Сэр Генри широко открыл глаза.
— Каким образом?
— Тот несчастный был одет в ваше платье. Я опасаюсь, как бы ваш слуга, подаривший ему это платье, не навлек на себя неприятности со стороны полиции.
— Вряд ли. Насколько мне помнится, ни на одной части этой одежды не было никакой метки.
— Это счастие для него и, в сущности, счастие для вас всех, так как вы все в этом деле поступили противозаконно. Я даже сомневаюсь, — не обязан ли я, как добросовестный сыщик, прежде всего арестовать всех живущих в этом доме. Донесения Ватсона — крайне уличающие документы.
— Но расскажите о нашем деле, — попросил баронет. — Разобрались ли вы сколько-нибудь в этой путанице? Что касается до Ватсона и меня, то мне кажется, что мы ничего не разузнали с тех пор, как приехали.
— Я думаю, что скоро буду в состоянии выяснить вам положение. Дело это было чрезвычайно трудное и крайне сложное. Остается еще несколько пунктов, на которые требуется пролить свет, но мы этого уже достигаем.
— Вероятно, Ватсон сообщил вам, что мы слыхали собаку на болоте, и я могу побожитъся, что тут дело не в одном пустом суеверии. Я имел дело с собаками, в свою бытность в Америке, и когда слышу лай, то узнаю, что это лай собаки. Если вам удастся надеть намордник на этого пса и посадить его на цепь, то я скажу, что вы величайший сыщик с сотворения мира.
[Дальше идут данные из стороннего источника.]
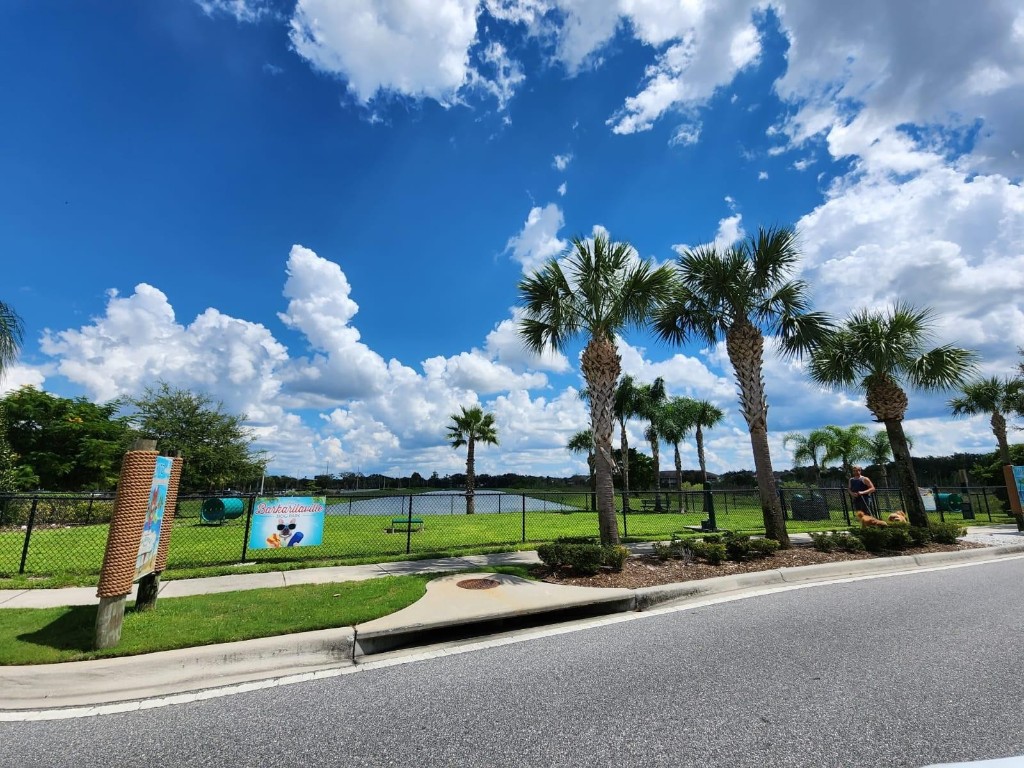 MargaritaVille - Residential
— Полагаю, что я надену на него намордник и посажу его на цепь, если вы не откажете мне в своей помощи.
— Я сделаю все, что бы вы ни приказали мне.
— Прекрасно. Я вас также попрошу делать это слепо, не всегда допрашивая о причинах.
— Как вам будет угодно.
— Если вы будете так поступать, то я полагаю, что все шансы за то, чтобы наша маленькая задача скоро разрешилась. Я не сомневаюсь…
Он вдруг замолчал и стал пристально смотреть поверх моей головы. Свет лампы прямо падал на его лицо, и оно было так напряжено и неподвижно, что его можно было принять за классическое изваяние — олицетворение энергии и ожидания.
— В чем дело? — воскликнули мы оба.
Я видел, когда Холмс опустил глава, что он хотел подавить в себе взволновавшее его чувство. Лицо его было сериозно, но глаза сверкали радостным торжеством.
— Простите увлечение знатока, — сказал он, указывая рукою на линию портретов, покрывавших противоположную стену. — Ватсон не хочет допустить, чтобы я понимал толк в искусстве, но это просто зависть с его стороны, вследствие несходства наших взглядов на этот предмет. Ну, а эта коллекция портретов по истине великолепная.
— Я очень рад, что вы это находите, — сказал сэр Генри, смотря с некоторым удивлением на моего друга. — Я не имею претензии на должное понимание искусства и был бы лучшим судьею относительно лошади или бычка, чем относительно картины. Я не знал, что вы находите и на это время.
— Если я вижу что-нибудь хорошее, то и оцениваю его, а теперь вижу нечто хорошее. Держу пари, что та дама в голубом шелковом платье — работы Кнеллера, а толстый господин в парике — Рейнольдса. Это все, вероятно, фамильные портреты?
— Да, все без исключения.
— И вы знаете их имена?
— Барримор наставлял меня в них, и я думаю, что хорошо выучил свой урок.
— Кто этот господин с подзорною трубою?
— Это контр-адмирал Баскервиль, служивший при Роднэе в Вест-Индии. Человек в синем камзоле и со свертком бумаг — сэр Вильям Баскервиль, бывший председателем комитетов в палате общин при Питте.
— A этот всадник против меня, — в черном бархатном камзоле с кружевами?
— О, с этим вы имеете право познакомиться. Это виновник всего несчастия, злой Гюго, породивший собаку Баскервилей. Вряд ли мы все забудем его.